Aber wie soll das gehen, mit Menschen, die ihr Leben lang nichts anderes gelernt haben, als das Mantra, erst etwas verdient zu haben, wenn sie etwas zur Wirtschaft beigetragen hätten? Dass sie in einer Gesellschaft lebten, die sie erst akzeptiert, wenn sie ihr ihre Zeit und Arbeitskraft geopfert hätten? Und auch kaum je genug Zeit und Gelegenheit dazu hatten, ihre kreativen Seiten kennenzulernen oder gar zu leben, wenigstens hin und wieder? Was sollten die Menschen mit ihrer Zeit überhaupt anzufangen wissen?
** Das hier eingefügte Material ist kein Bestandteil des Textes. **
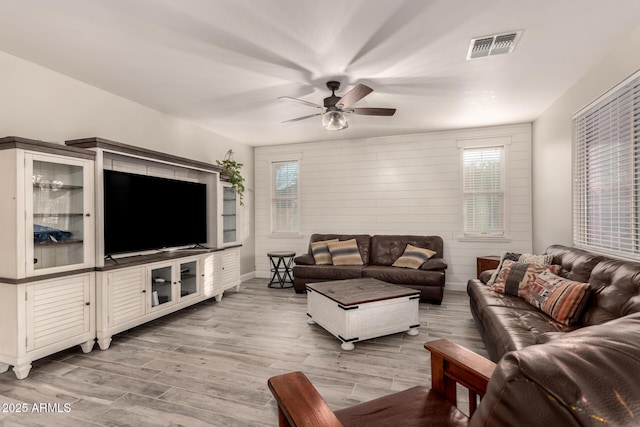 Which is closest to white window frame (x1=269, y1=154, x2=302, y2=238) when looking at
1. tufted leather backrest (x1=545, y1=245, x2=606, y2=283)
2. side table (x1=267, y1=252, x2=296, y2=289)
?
side table (x1=267, y1=252, x2=296, y2=289)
Sie können es gar nicht wissen, wenn sie von klein auf zu nützlichen Idioten herangezüchtet werden, wenn sie nie die Möglichkeit hatten, etwas anderes zu sein als Arbeitskraft, Profitpool, Kontingent der Wirtschaft.
Was bist du wert?
Selbstverständlich ist es ein Geben und Nehmen. Aber ebenso unglücklicher- wie boshafterweise wird nicht jede Gabe gleich hoch bewertet. Es gibt im Gegenteil riesige Unterschiede. Nur so lassen sich solch extreme Lohnunterschiede überhaupt begründen. Rechtfertigen lassen sie sich damit nicht. Aber diese Bewertung ist Grundvoraussetzung für das gewollte Gefälle in unserer Gesellschaft. Wir mögen seit Jahrzehnten keinen Krieg gehabt haben. Aber ein Frieden ist das nicht.
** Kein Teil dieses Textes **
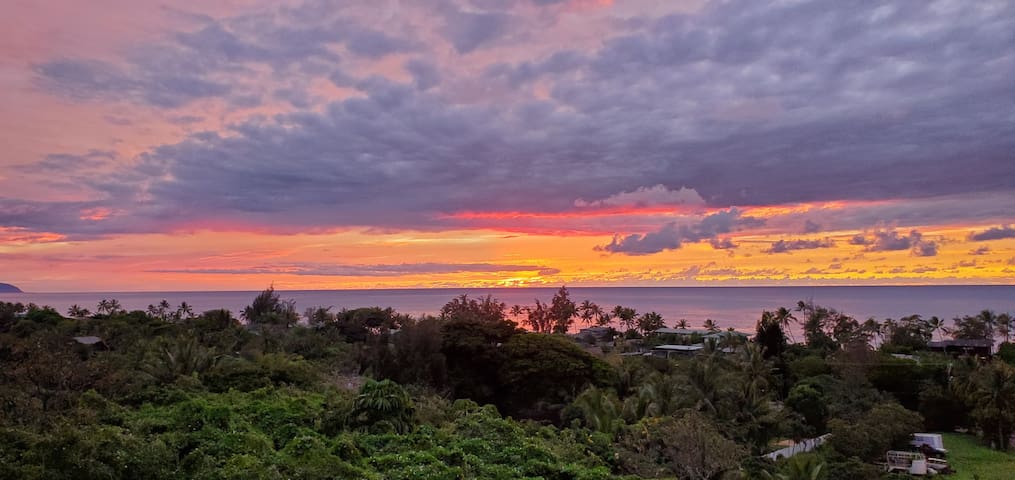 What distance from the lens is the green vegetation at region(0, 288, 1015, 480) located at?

Zurück bleiben Menschen – ob erfolgreich oder Loser – mit einer diffusen Sehnsucht. Mit einem kaum diagnostizierbaren Leiden, für dessen Behandlung bald keine Krankenkasse mehr aufkommt. Wir werden immer älter. Und nutzen unsere Zeit, um unsere Neurosen zu kultivieren und weitere Ticks zu immer mehr Gesten aneinanderzuhängen, die allesamt keinen Sinn ergeben.
Im Kontrast dazu merke ich ja selber, wie ich reagiere, wenn ich einer Seele von Mensch begegne, die ihre Energie nicht nicht in den Kategorien «Arbeitskraft» und «Kaufkraft» gebündelt hat. Ich weide mich in ihrem sonnigen Gesicht aus, koste jeden Augeblick aus, die sie mir schenkt. In vollen Zügen. Wer weiss, wann ich ihr wieder begegne?